目录
2.4.5 void add(int index, E element)
前言:
基于jdk1.8.
同上一篇ArrayList的源码。
两个半天撸完= =。DK加油
上一篇:https://blog.csdn.net/pmdream/article/details/106995088
1.LinkedList的复杂度?
get() 获取第几个元素,依次遍历,复杂度O(n)
add(E) 添加到末尾,复杂度O(1)
add(index, E) 添加第几个元素后,需要先查找到第几个元素,直接指针指向操作,复杂度O(n) (这个比较容易想错)

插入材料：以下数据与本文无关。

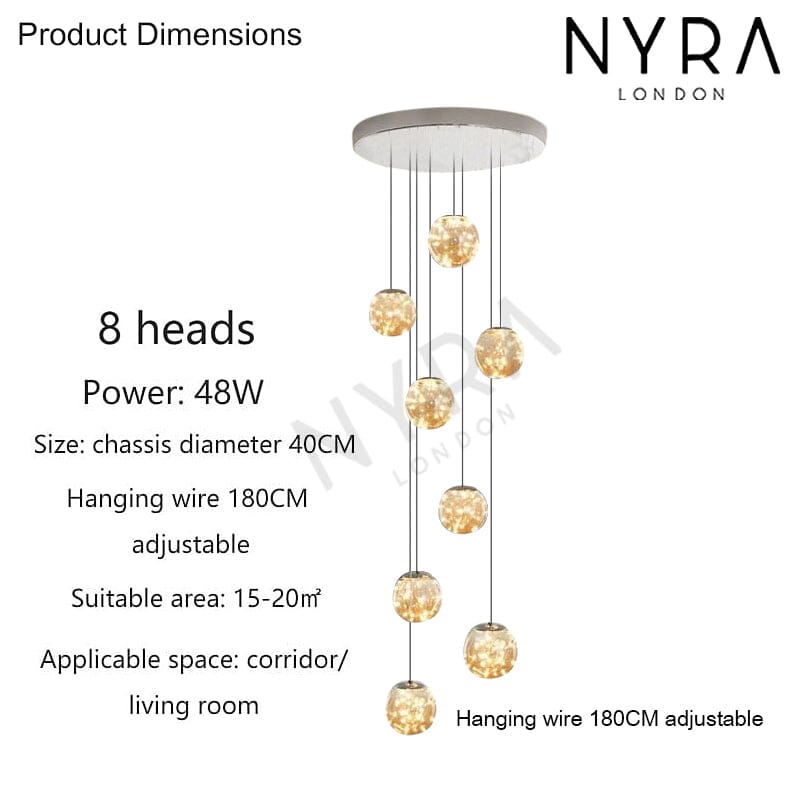Luxury Crystal Staircase Pendant Light Fixture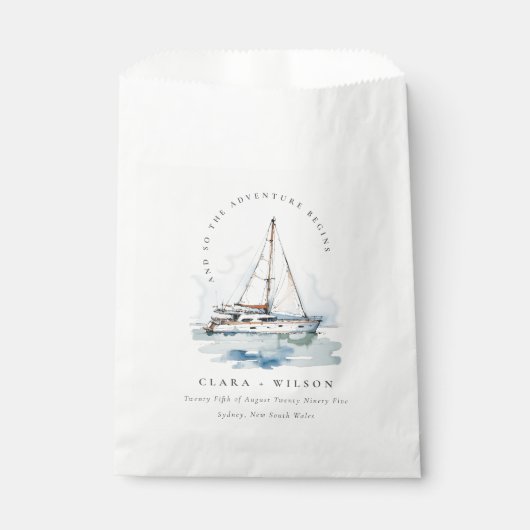 Elegante Dusky Sailboat Seascape Wedding Geschenktütchen (Vorderseite)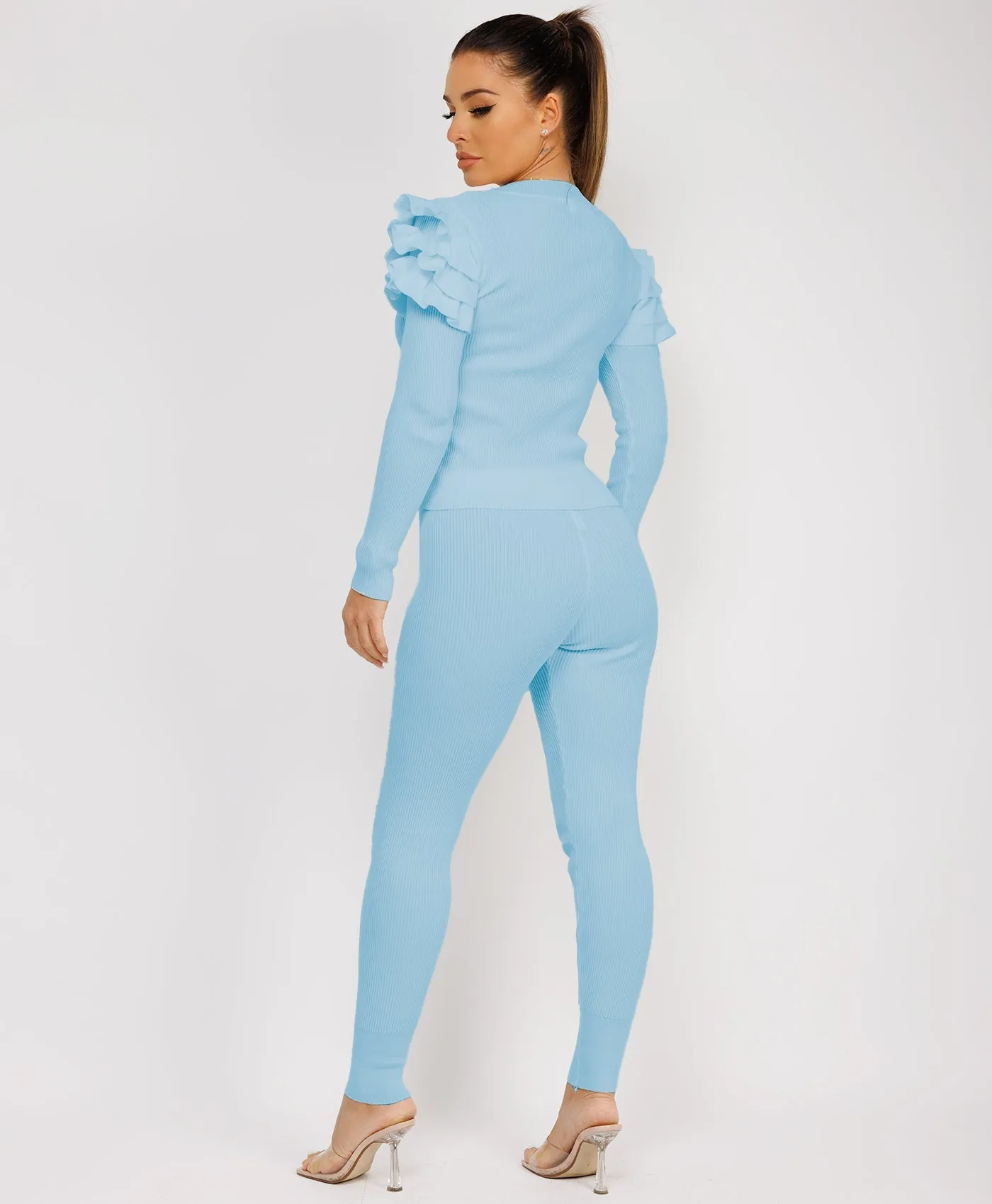 Sky Blue Ribbed Knitted Ruffle Button Loungewear Set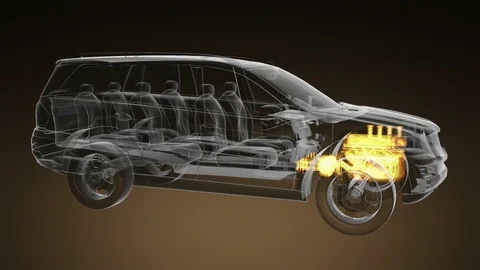 Loop car rotate. visible engine and gear transmission Stock Footage 71450272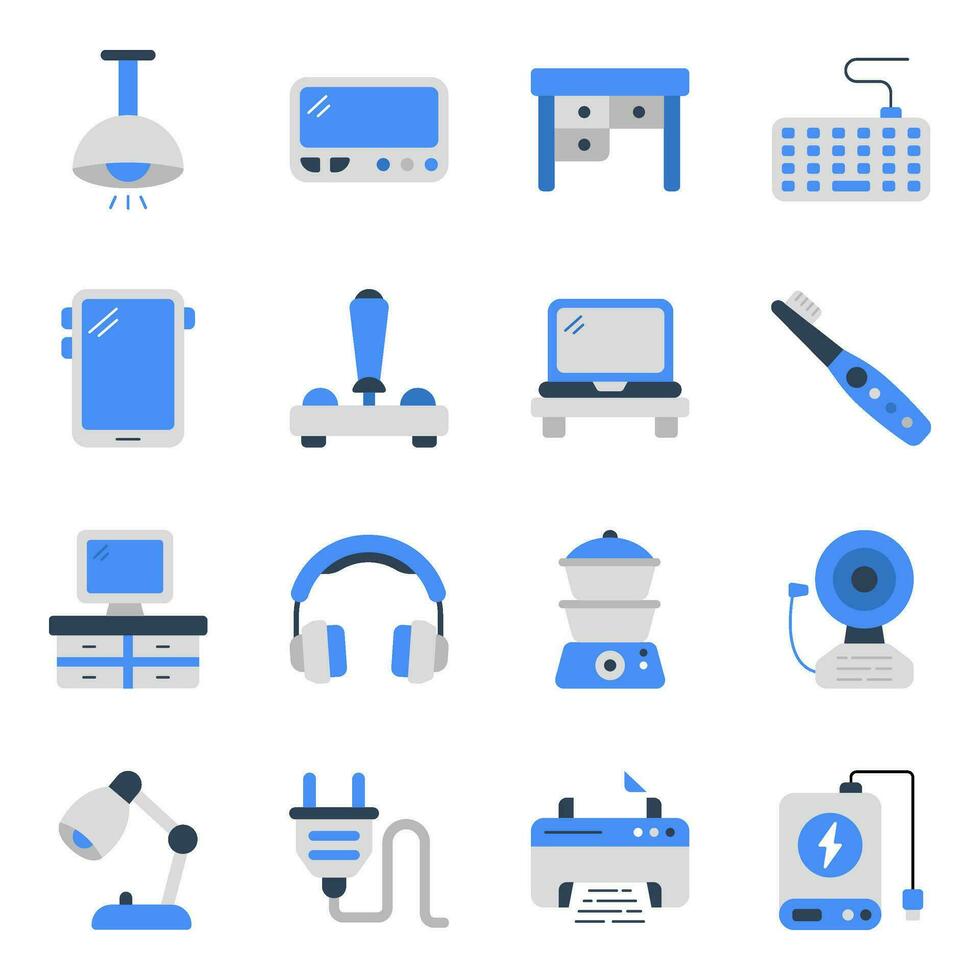 pacote do eletrodomésticos e eletrônicos plano ícones vetor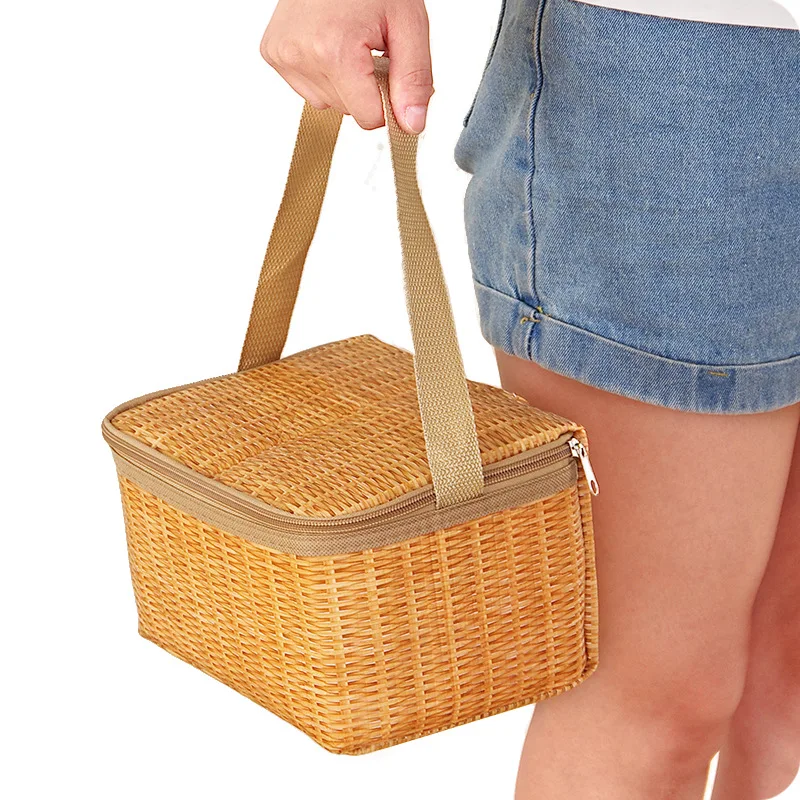 Imitation Rattan Outdoor Picnic Lunch Bags Portable Insulated Thermal Bento Box Food Cooler Tote Bag Pouch Storage Container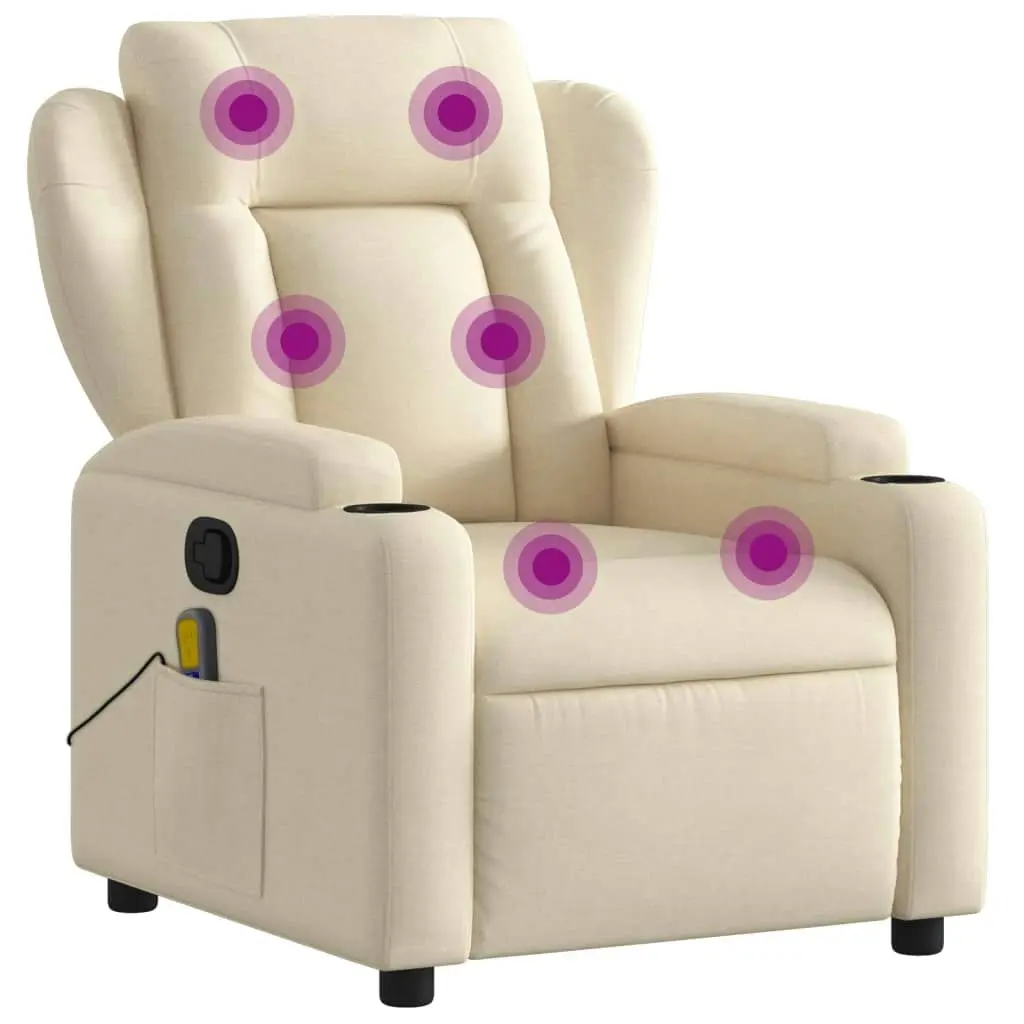 Massage Recliner Chair Cream Fabric 372424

remove()删除元素,直接指针指向操作,复杂度O(1)
2.源码分析
2.1 LinkedList的继承关系?
public class LinkedList<E>
extends AbstractSequentialList<E>
implements List<E>, Deque<E>, Cloneable, java.io.Serializable
{
//...
}对比ArrayList:
public class ArrayList<E> extends AbstractList<E>
implements List<E>, RandomAccess, Cloneable, java.io.Serializable
{
//...
}没有了快速访问,多了Deque接口。
因为实现了队列接口,所以可以让LinkedList作为双向队列。
和ArrayList不同的地方是,LinkedList继承的是AbstractSequentialList,AbstractSequentialList继承AbstractList,而ArrayList直接继承AbstractList。
2.2 属性
2.2.1 Node结构
因为不同于ArrayList,对于LinkedList每个元素都有着Node节点(这是一个内部类,有这前后指针):
双向链表,那么顺序访问的效率很高,随机访问的效率低。因为通过索引访问,会比较索引值和链表长度的1/2,如果索引大,那么会从链表尾开始找,否则是头。所以才有了下面的first和last节点。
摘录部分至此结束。